Second tour des législatives de mars, bouleversées par les attentats de Madrid

"Avec toi, forts en Europe", slogan des conservateurs du Parti populaire - Affiche PP
MADRID, lundi 7 juin 2004 (LatinReporters.com) - Vainqueurs inattendus des législatives du 14 mars et aujourd'hui favoris après avoir retiré les militaires espagnols d'Irak, les socialistes misent sur une nouvelle victoire aux élections européennes du 13 juin pour prouver que c'est un besoin profond de changement -mais non l'émotion et l'indignation du moment- qui les amena au pouvoir.

Les conservateurs du Parti populaire attribuent, eux, leur rejet dans l'opposition à la "manipulation" médiatique de l'émotion soulevée par les attentats islamistes du 11 mars (191 morts et 1.900 blessés à Madrid), trois jours avant les législatives.
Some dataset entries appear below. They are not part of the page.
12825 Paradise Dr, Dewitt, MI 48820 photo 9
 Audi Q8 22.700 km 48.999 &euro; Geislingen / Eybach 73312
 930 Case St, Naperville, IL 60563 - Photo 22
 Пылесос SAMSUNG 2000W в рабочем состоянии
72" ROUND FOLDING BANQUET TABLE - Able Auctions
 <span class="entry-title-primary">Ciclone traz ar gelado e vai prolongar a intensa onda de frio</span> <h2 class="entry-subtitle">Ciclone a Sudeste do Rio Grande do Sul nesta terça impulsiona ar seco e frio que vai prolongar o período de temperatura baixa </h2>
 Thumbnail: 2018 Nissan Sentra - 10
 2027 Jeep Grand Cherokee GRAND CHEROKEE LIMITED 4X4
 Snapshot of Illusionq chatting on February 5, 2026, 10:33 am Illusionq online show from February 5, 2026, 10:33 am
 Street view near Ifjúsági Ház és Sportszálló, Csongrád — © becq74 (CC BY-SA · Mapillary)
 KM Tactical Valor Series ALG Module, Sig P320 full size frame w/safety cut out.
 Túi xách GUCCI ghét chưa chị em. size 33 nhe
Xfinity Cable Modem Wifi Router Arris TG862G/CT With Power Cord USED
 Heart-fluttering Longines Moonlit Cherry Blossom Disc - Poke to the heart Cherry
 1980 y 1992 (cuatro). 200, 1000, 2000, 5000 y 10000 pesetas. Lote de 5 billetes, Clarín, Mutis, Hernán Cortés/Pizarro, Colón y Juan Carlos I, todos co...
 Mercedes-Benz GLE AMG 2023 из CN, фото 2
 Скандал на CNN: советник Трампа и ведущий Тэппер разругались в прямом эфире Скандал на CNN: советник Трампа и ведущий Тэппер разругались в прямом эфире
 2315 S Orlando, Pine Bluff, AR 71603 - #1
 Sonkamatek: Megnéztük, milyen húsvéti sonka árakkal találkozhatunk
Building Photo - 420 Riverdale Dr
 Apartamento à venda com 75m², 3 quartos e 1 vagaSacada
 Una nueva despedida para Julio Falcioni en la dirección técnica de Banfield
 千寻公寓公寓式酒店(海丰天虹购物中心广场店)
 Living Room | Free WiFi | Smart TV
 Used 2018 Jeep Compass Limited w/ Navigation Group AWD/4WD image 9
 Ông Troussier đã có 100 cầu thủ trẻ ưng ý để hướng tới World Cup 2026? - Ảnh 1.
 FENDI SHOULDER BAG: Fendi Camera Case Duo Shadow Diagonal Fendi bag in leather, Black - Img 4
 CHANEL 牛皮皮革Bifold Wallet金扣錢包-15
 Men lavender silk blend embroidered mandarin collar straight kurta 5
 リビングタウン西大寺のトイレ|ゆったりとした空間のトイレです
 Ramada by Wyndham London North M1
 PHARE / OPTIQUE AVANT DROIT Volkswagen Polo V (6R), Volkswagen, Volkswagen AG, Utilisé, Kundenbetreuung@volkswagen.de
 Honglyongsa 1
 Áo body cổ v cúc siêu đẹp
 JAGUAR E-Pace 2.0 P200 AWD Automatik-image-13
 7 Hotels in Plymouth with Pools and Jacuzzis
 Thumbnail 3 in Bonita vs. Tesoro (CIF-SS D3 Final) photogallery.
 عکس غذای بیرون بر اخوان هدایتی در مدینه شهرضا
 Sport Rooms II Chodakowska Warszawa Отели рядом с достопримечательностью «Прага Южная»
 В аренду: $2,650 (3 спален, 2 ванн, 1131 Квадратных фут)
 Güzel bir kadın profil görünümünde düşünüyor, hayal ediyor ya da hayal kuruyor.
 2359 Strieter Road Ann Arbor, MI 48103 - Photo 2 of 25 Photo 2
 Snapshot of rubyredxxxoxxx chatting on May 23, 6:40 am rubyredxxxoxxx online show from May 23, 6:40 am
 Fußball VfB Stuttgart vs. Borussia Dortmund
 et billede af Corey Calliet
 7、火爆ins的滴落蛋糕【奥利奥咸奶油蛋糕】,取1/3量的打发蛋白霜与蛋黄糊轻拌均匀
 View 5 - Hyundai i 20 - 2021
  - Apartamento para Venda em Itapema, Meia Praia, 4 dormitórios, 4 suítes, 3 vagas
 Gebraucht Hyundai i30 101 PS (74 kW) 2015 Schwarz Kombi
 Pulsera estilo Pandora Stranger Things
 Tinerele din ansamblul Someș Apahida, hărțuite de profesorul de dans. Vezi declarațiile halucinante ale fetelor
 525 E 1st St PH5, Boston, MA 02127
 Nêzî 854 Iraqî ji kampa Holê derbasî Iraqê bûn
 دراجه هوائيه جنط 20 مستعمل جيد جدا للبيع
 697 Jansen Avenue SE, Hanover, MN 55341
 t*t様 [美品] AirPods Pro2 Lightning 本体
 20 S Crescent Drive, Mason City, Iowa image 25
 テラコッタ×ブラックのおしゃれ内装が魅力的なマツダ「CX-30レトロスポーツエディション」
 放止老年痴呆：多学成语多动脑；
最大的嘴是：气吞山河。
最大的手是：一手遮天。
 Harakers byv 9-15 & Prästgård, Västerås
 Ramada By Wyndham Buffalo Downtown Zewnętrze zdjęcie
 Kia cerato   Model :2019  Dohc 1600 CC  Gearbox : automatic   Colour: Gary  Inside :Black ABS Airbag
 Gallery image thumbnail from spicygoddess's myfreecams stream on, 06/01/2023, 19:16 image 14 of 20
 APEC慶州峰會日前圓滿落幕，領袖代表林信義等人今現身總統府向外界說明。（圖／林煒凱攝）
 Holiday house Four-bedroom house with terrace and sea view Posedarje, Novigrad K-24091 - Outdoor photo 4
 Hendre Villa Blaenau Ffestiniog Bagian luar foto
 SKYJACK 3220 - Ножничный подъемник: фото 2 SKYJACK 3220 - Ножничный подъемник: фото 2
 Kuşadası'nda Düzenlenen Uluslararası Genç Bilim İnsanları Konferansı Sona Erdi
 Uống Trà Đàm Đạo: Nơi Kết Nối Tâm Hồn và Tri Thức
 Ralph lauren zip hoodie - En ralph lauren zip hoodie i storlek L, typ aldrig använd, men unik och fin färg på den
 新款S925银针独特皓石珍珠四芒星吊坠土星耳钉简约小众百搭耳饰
Un triomphe le 13 juin pourrait leur donner raison. En Espagne, les élections européennes sont donc aussi et surtout le second tour des législatives.

SONDAGES

Quatre sondages publiés dimanche par les journaux madrilènes ABC, El Mundo et La Razon, ainsi que par La Vanguardia de Barcelone prédisent tous une victoire de la liste socialiste conduite par l'ex-ministre Josep Borrell et appuyée par le président du gouvernement José Luis Rodriguez Zapatero.

Avec un score compris entre 42,6% et 46,7% des voix, le Parti socialiste ouvrier espagnol (PSOE - 42,6% aux législatives du 14 mars dernier) obtiendrait de 24 à 27 députés européens sur les 54 attribués à l'Espagne.

L'opposition conservatrice du Parti populaire (PP - 37,6% aux législatives de mars) réunirait de 37,2 à 38,4% des suffrages et de 21 à 23 eurodéputés.

Les autres sièges se partageraient entre les postcommunistes de Gauche Unie et deux coalitions dominées par des nationalistes et indépendantistes basques et catalans.

Selon le sondage d'ABC, la participation des 35 millions d'Espagnols appelés à voter le 13 juin serait de 55 à 60 % (77,2% aux législatives de mars). Le Centre d'investigation sociologique (CIS, organisme public) a surpris en prédisant que la participation pourrait s'élever à 76%.

Le ministère espagnol de l'Intérieur indique que parmi les 700.906 étrangers citoyens de pays de l'UE pouvant participer aux élections européennes, à peine quelque 130.000 ont exprimé leur volonté de voter en Espagne.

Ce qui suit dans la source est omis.